This is a cool problem, and it _is_, indeed, quite hard! I hadn't seen it before.
If we look at the primary solution offered in the Wikipedia article, it does not have the fatal flaw you think it does. The solution does assume, as you say, that "one of the gods must answer a factual question truthfully". That's fine, as that is part of the statement of the problem: "True always speaks truly", and we know that True is one of the gods. But nowhere in the rest of the solution is there the conclusion or assumption that "ja" corresponds to "yes" and "da" corresponds to "no." It's an intricate and complicated solution, and so it can be hard to follow, and I totally empathize with perhaps misreading it.
I don't think I can write up in this space another presentation of that solution that's better or clearer than the one in the Wikipedia article to help show that it's never assigning a specific meaning for "ja" or "da". But if you'd like to schedule a session with me, I'm happy to walk through the solution together and show you how it works and address questions.
I can't really help with questions about whether there are harder, unsolved puzzles.
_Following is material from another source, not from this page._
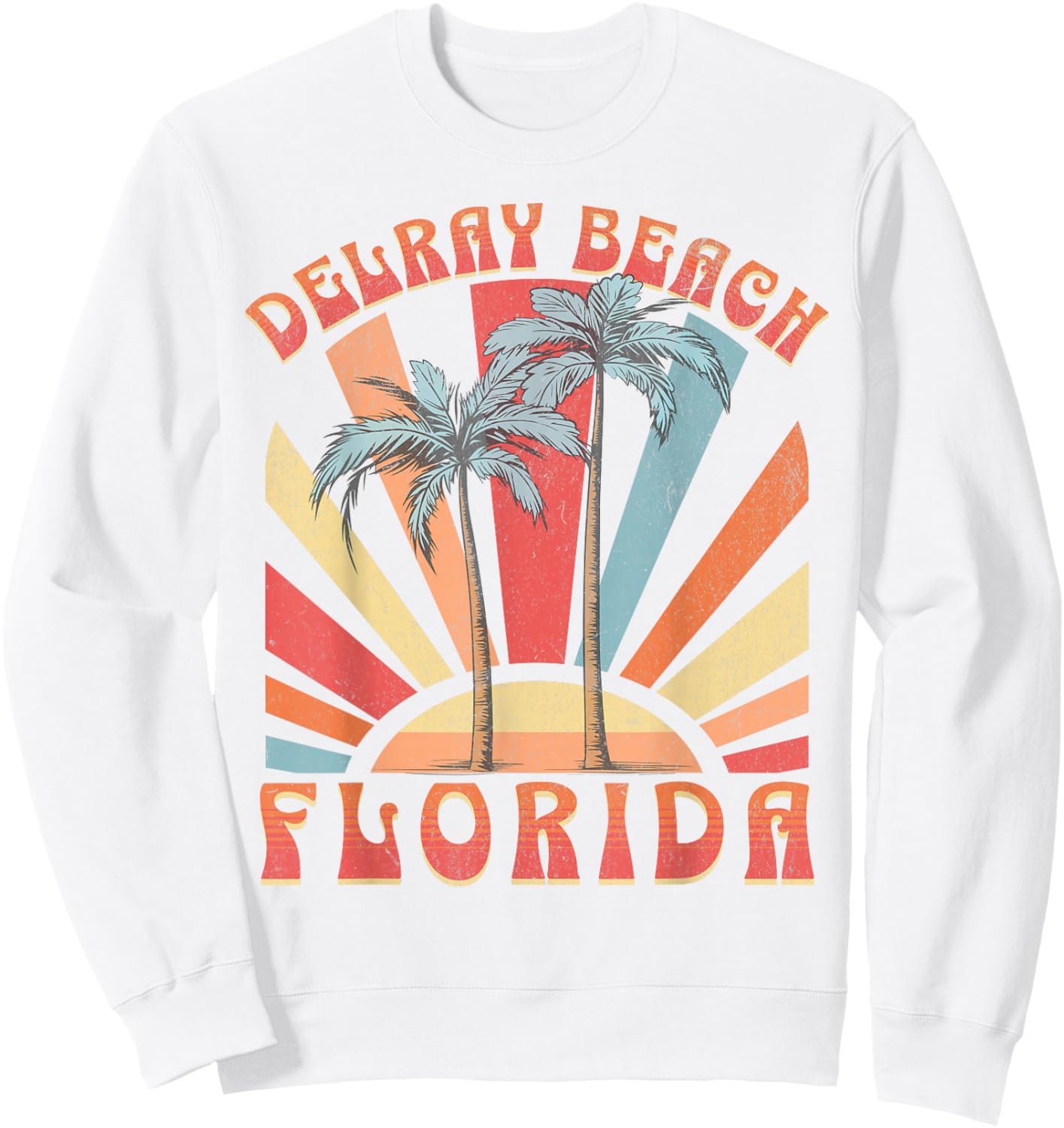 Delray Beach Sweatshirt - Sweatshirt | White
There are plenty of unsolved, interesting mathematical questions out there, but I'm not sure they're puzzles, per se. You might be interested in Hilbert's problems, if you're not already considering those: https://en.wikipedia.org/wiki/Hilbert%27s_problems
Your questions 2 and 3 are basically answered by the Wikipedia article, if you accept that it actually does solve the puzzle: it's a valid solution, and it even has a truth table!